Double materiality reporting is increasingly being required in jurisdictions that are focusing on enhancing the transparency and accountability of businesses regarding their sustainability practices and impacts. The European Union (EU) is at the forefront of implementing double materiality through its regulatory frameworks, particularly in the following initiatives:

  1. Non-Financial Reporting Directive (NFRD): The EU's NFRD requires large companies and groups to disclose information on the way they operate and manage social and environmental challenges. This directive is a step towards integrating double materiality, requiring companies to report on their impact on the environment and society, as well as how sustainability issues affect the company.
  2. Corporate Sustainability Reporting Directive (CSRD): An evolution of the NFRD, the CSRD significantly expands the scope of companies required to report non-financial information and introduces more detailed reporting requirements, including the concept of double materiality.

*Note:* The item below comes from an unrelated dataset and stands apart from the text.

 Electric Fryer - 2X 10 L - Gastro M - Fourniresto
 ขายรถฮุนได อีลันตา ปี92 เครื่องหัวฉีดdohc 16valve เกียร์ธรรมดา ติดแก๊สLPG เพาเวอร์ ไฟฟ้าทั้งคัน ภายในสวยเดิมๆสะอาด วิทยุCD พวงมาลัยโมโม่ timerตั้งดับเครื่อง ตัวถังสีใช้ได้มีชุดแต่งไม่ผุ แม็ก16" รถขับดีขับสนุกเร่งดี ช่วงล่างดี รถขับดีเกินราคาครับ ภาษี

The CSRD is part of the European Green Deal and the Sustainable Finance Disclosure Regulation (SFDR), aiming to create a more sustainable and resilient economy.
  3. Sustainable Finance Disclosure Regulation (SFDR): While primarily focused on the financial sector, SFDR requires financial market participants in the EU to disclose how they consider sustainability risks in their investment decisions and the adverse impacts of their investments on sustainability factors, aligning with the concept of double materiality.
  4. European Sustainability Reporting Standards (ESRS): Developed by the European Financial Reporting Advisory Group (EFRAG) as part of the implementation of the CSRD, these standards will operationalize double materiality by setting out specific disclosures companies need to make regarding their sustainability impacts and risks.

Outside of the EU, the concept of double materiality is being recognized and incorporated into reporting standards and frameworks globally, albeit at varying degrees and under different terminologies. Organizations such as the Global Reporting Initiative (GRI) and the International Sustainability Standards Board (ISSB), which is part of the International Financial Reporting Standards (IFRS) Foundation, are working towards harmonizing sustainability reporting standards that encompass the principles of double materiality. However, the adoption of double materiality in reporting requirements varies by country and is less explicit outside of the EU.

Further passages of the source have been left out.